QPR are partly owned by Fernandes, and fellow Malaysian businessmen Kamarudin Bin Meranun and Ruben Emir Gnanalingam, who have a combined 66% stake. The remainder belongs to the Mittal family.
The club, who have spent millions of pounds rebuilding their squad following promotion to the top flight in 2011-12, lie bottom of the Premier League with eight games to go and are seven points from safety.
In January, Rangers twice broke their transfer record, spending more than £20m on Loic Remy and Christopher Samba.
Since taking over at the club in August 2011, Fernandes has invested a significant amount on transfers, and the wage bill and debt is likely to have increased dramatically since the last accounts which go up until May 2012.
There have been two further rounds of heavy spending on players since then, in the summer of 2012 and January this year, and despite the promise of parachute payments if they go down, there are fears the club could be in danger of financial meltdown.
But asked whether relegation would cripple the club, Fernandes replied: "No, I don't think so.
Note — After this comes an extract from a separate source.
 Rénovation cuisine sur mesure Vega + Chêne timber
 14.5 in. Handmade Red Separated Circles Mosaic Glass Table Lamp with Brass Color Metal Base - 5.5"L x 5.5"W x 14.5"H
"If we went down, we would just have to come back up. I've been in the airline business where we have had [to deal with] Sars, bird flu, earthquakes, and an oil crisis - so relegation is just another thing that would have happened. And we learned. We know what we need to do and we've put the right foundations in place."
Fernandes says he is committed to the club and will remain at Loftus Road even if they do find themselves back in the Championship next season. And he insists the extent of their transfer spending, as well as the wages they are supposed to be paying, has been exaggerated.
The Air Asia owner says QPR are not far off the limits that Financial Fair Play would introduce, and that he feels they have invested wisely. But he conceded that the difficulties in making the club profitable had surprised him.
"It's hard - much harder than I thought," he said.
"It is tough but hopefully next year there is a lot of TV money, hopefully we are still in the Premier League and that will give us a good chance.
"The press have blown it out of proportion. We are not that far away from FFP anyway.
"Our wage bill is a lot lower than being quoted. I mean the salary of Samba and stuff is just ludicrous when I read what they've reported.
"We are no different to any other club. We had to build a whole new team. None of the players who left QPR are in the Premier League anymore. These things happen."